### Supplied data

________________

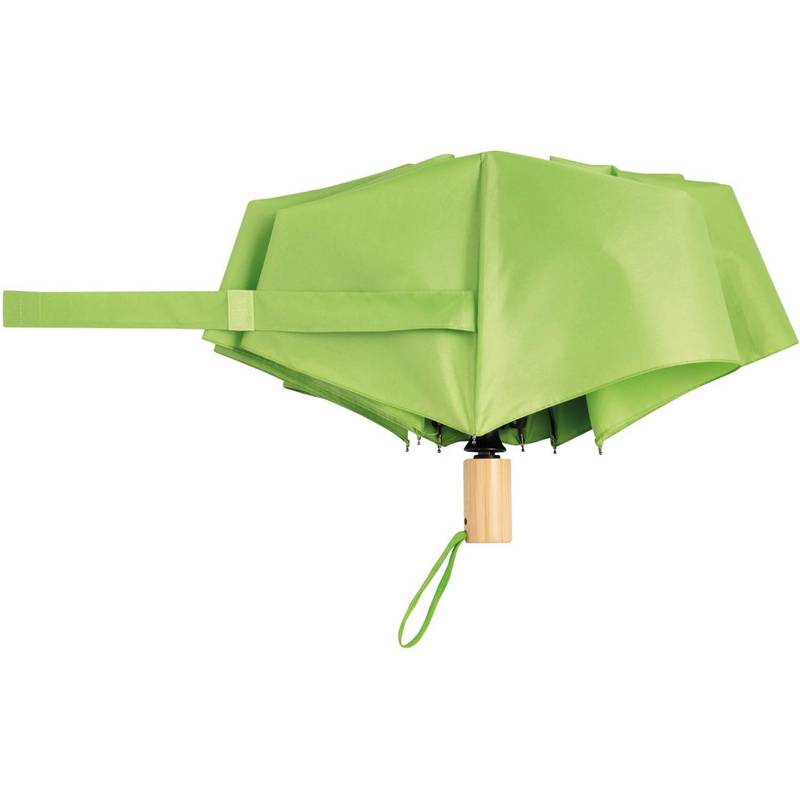 "Automatický skládací deštník ""Calypso"", zelená světla"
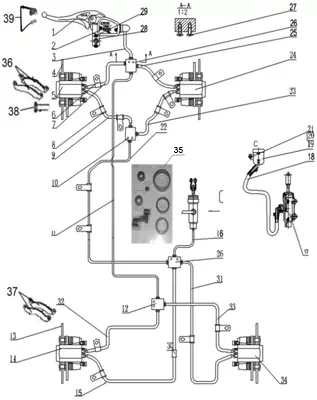 SYSTEME DE FREINAGE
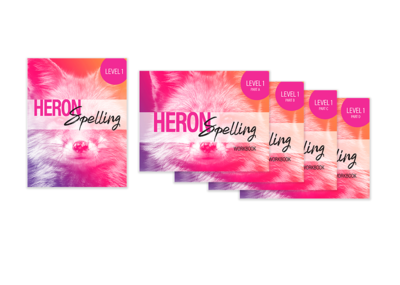 Heron Spelling Level 1 Package (Grade 4) Heron Spelling Level 1 Package (Grade 4)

________________

### The task
Output every line above exactly as it stands, and drop any picture.

### Result of this task
 "Automatický skládací deštník ""Calypso"", zelená světla"
 SYSTEME DE FREINAGE
 Heron Spelling Level 1 Package (Grade 4) Heron Spelling Level 1 Package (Grade 4)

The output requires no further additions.